A satirical 1987 essay by Michael Swift entitled "Gay Revolutionary" appeared in Gay Community News, describing a scenario in which homosexual men dominate American society and suppress all things heterosexual. The opening line, which read "This essay is an outré, madness, a tragic, cruel fantasy, an eruption of inner rage, on how the oppressed desperately dream of being the oppressor", was omitted when the essay was reprinted in Congressional Record and cited by later religious right publications.
The essay has often been cited by conservative Christian authors as proof of a secretive conspiracy to corrupt American youth and subvert the nuclear family, particularly the following paragraph:

We shall sodomize your sons, emblems of your feeble masculinity, of your shallow dreams and vulgar lies. We shall seduce them in your schools, in your dormitories, in your gymnasiums, in your locker rooms, in your sports arenas, in your seminaries, in your youth groups, in your movie theater bathrooms, in your army bunkhouses, in your truck stops, in your all-male clubs, in your house of Congress, wherever men are with men together. Your sons shall become our minions to do our bidding. They will be recast in our image; they will come to crave and adore us.

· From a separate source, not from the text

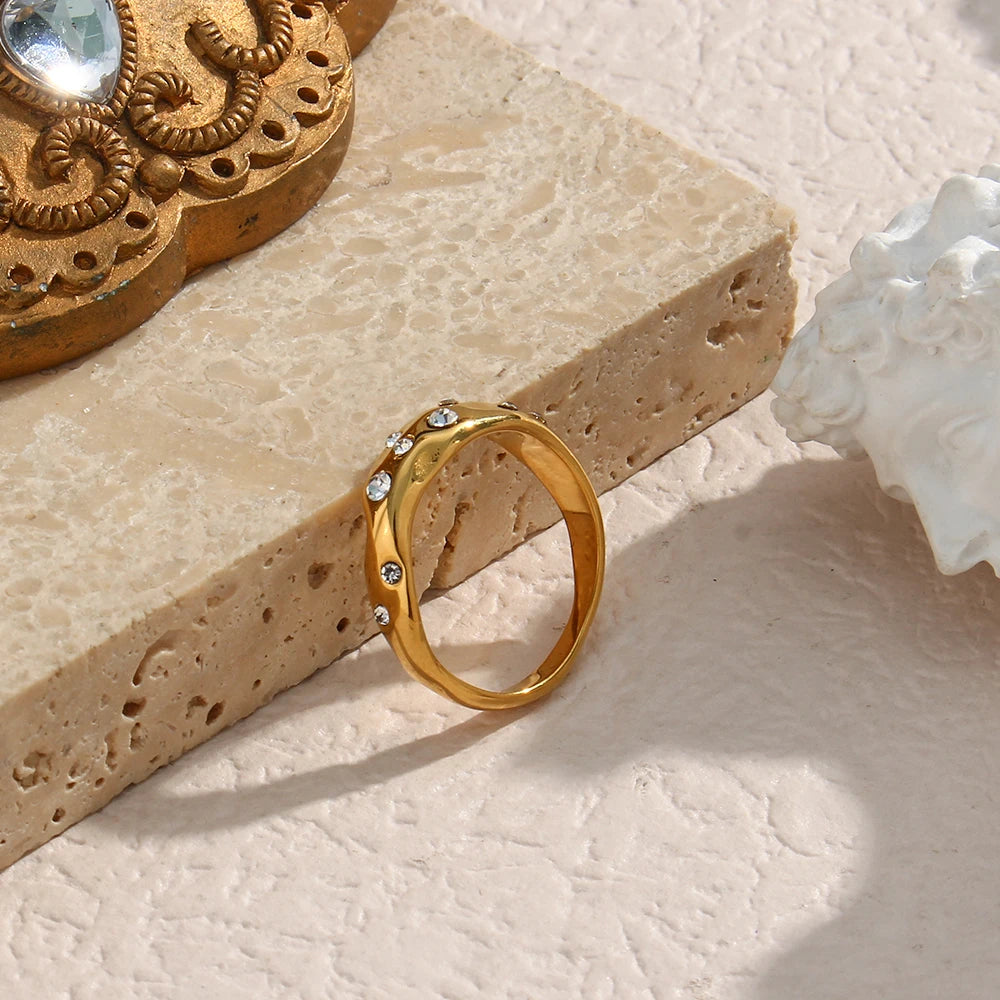 Collins Ring by Orliza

The term is sometimes used satirically as a counterfoil by people who would normally find the term offensive, such as the spoof agenda found on the Betty Bowers website, and as the name of a stand-up comedy show in Prague that is a fundraiser for AIDS relief efforts.

On a 2007 episode of The Daily Show, Jon Stewart defined the gay agenda as "gay marriage, civil rights protection, Fleet Week expanded to Fleet Year, Federal Emergency Management Agency (FEMA) assistance for when it's raining men, Kathy Griffin to host everything and a nationwide ban on pleated pants".

===Reappropriation===
Some LGBTQ activists seek to reappropriate the term "gay agenda" for their own use.

In 2008, openly gay Bishop Gene Robinson declared that "Jesus is the agenda, the homosexual agenda in the Episcopal Church" and that the "homosexual agenda [...] is Jesus".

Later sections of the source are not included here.